Dust, traffic and sonic bleed

Venue fail: This year’s Aftershock Festival marked its first time at Elverta’s Gibson Ranch, the same spot that held August’s City of Trees Festival. And once again, while the location may have looked good on paper, most attendees will readily agree the dust-laden site at Discovery Park—the festival’s previous and very successful site—was better on many fronts.

Those who made the trek on Saturday, which featured a sold-out crowd of 30,000 strong, experienced wait times of up to two and three hours just to get there, sitting in dead-stopped traffic on the venue’s side-street entrances. Sunday’s attendance, however, dropped considerably and appeared to be half that number.

Once inside the festival, the layout was quite impressive with four stages, local and regional food vendors, a Marlboro tent (target audience?), more Monster Energy drink paraphernalia than should be allowed and even an indoor ring with live wrestling.

In addition to logistical issues that desperately need to be addressed by organizers next year, many music fans were unhappy to find that bands that played concurrently at different stages experienced lots of sonic bleed. Each time a song ended, it sounded like someone’s boombox had been left on at a competing stage.

RavenEye opened the festival. Singer and guitarist Oli Brown roamed the stage like a madman, dragging his guitar behind him and standing on nearly every side-fill speaker whenever possible. The band played songs from its new Breaking Out EP and garnered the kind of applause some later midday acts didn’t even receive.

Those who caught Helmet’s Saturday set were either caught in a whirlpool of dust from a rowdy pit or pierced by the direct sun overhead. Thankfully, these seasoned New Yorkers didn’t let either of the two potential problems keep them from delivering crushing interpretations of their classics, which included “Unsung,” “Turned Out” and the always fantastic “Ironhead.”

On Sunday, Los Angeles’ Failure, the kings of cerebral rock fare, played lots of material from the fabulous new release The Heart Is A Monster.

Sunday’s lineup also featured Jane’s Addiction, which found singer Perry Farrell struggling to stay in key and hit his own, often-complicated high notes.
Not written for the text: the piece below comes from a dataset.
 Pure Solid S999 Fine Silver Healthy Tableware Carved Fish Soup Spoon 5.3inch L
Fans yelled expletives whenever Farrell pointed the mic to the crowd or backed down from important vocal lines.

With any luck, Aftershock will get its many kinks worked out before the next one is staged.

—Eddie Jorgensen

Acoustic love: The fourth show on the Warehouse Artist Lofts’ rooftop—a lovely space with greenery, murals and a sparkling view of downtown Sacramento—should go down in history books as its most magical yet. Between the lineup and the loving crowd, it was a stellar representation of Sacto’s indie scene from start to finish.
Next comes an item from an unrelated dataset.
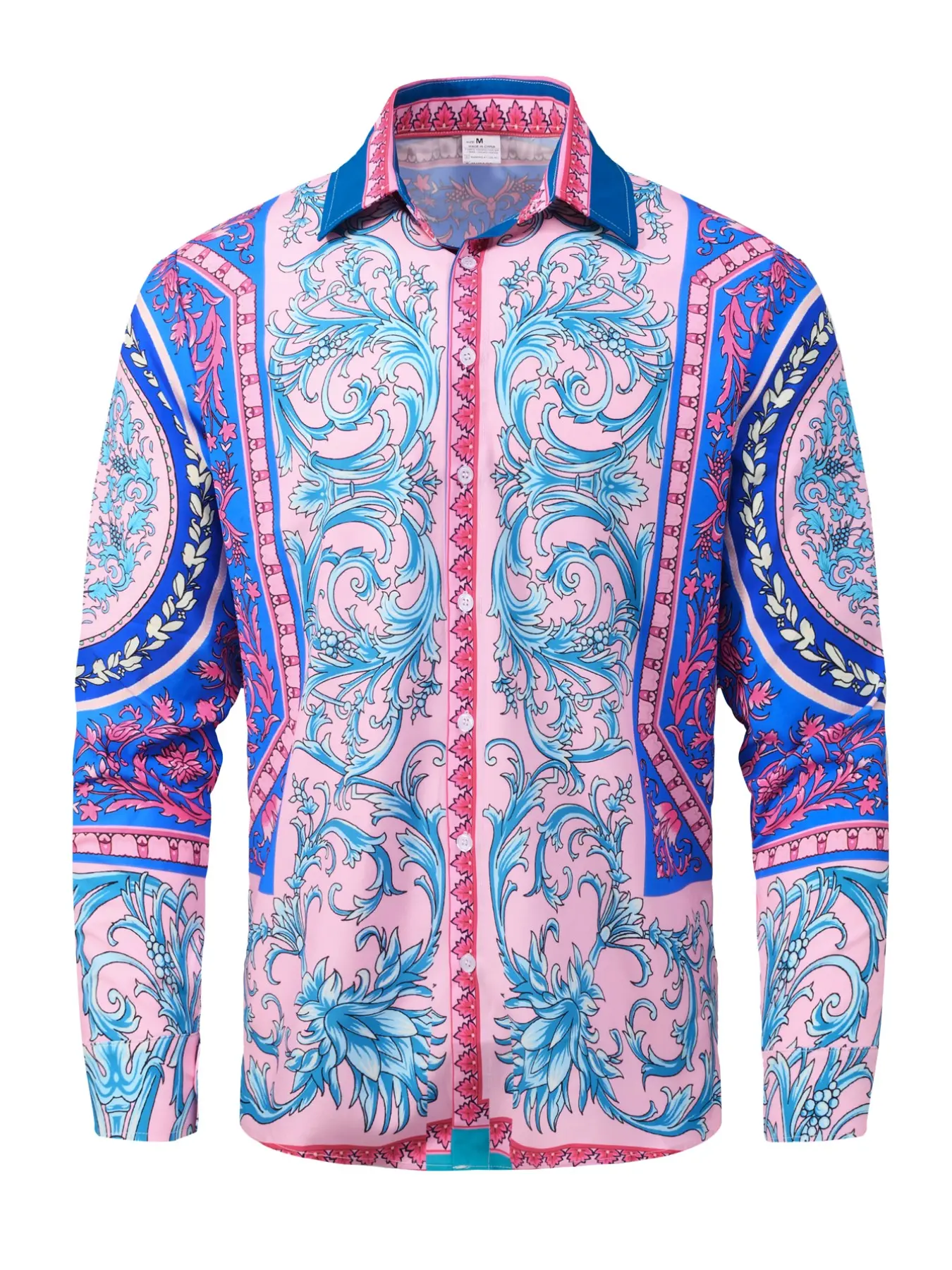 Men's Baroque Print Satin Shirt, Casual Fitted Collared, Long Sleeve, Party Essential, Royal Style Vine Pattern, Color Block Collar, Drapey Fabric, Evening Party Wear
Jacob Golden, a local better known in the U.K., started things off with a stunning, dark, borderline psychedelic set. His voice haunted, high notes transcended and lyrics referenced fellow artists aplenty, including Downtown James Brown on “Out Come the Wolves.” His next album—and United States debut—The Invisible Record comes out next month.
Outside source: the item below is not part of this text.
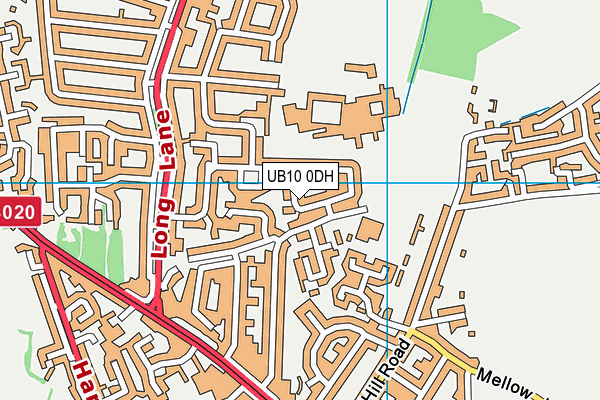 UB10 0DH map - OS VectorMap District (Ordnance Survey)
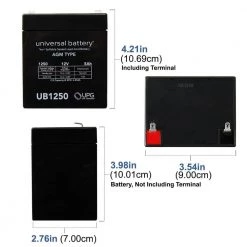 12-Volt 5 Ah F1 Terminal Sealed Lead Acid (SLA) AGM Rechargeable Battery by UPG -Legrand Sales upg 12v batteries ub1250 a0 1000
Sunmonks’ Geoffrey CK and Alexandra Steele performed next—and acoustic, for the first time since 2012. With just one guitar and two voices, Sunmonks revealed skeletons of several songs off their upcoming debut full-length. They’re promising skeletons: intriguing chord progressions meshed with even more intriguing vocal harmonies.

Then Sea of Bees stepped into the spotlight, facing a packed and buzzing crowd. Julie Ann Baenziger—armed with a guitar covered in cut-out cat pics—and Amber Padgett played a mix of old and new songs with equal excitement. Sea of Bees’ release party for Build a Boat to the Sun doubled as Baenziger’s grand return from a three-year hibernation. She talked about learning to love Sacto and music again—extremely evident in her playful smirk, twinkle in her eye and consistent yelps of joy. Everyone was excited to see her, and she was excited to see everyone.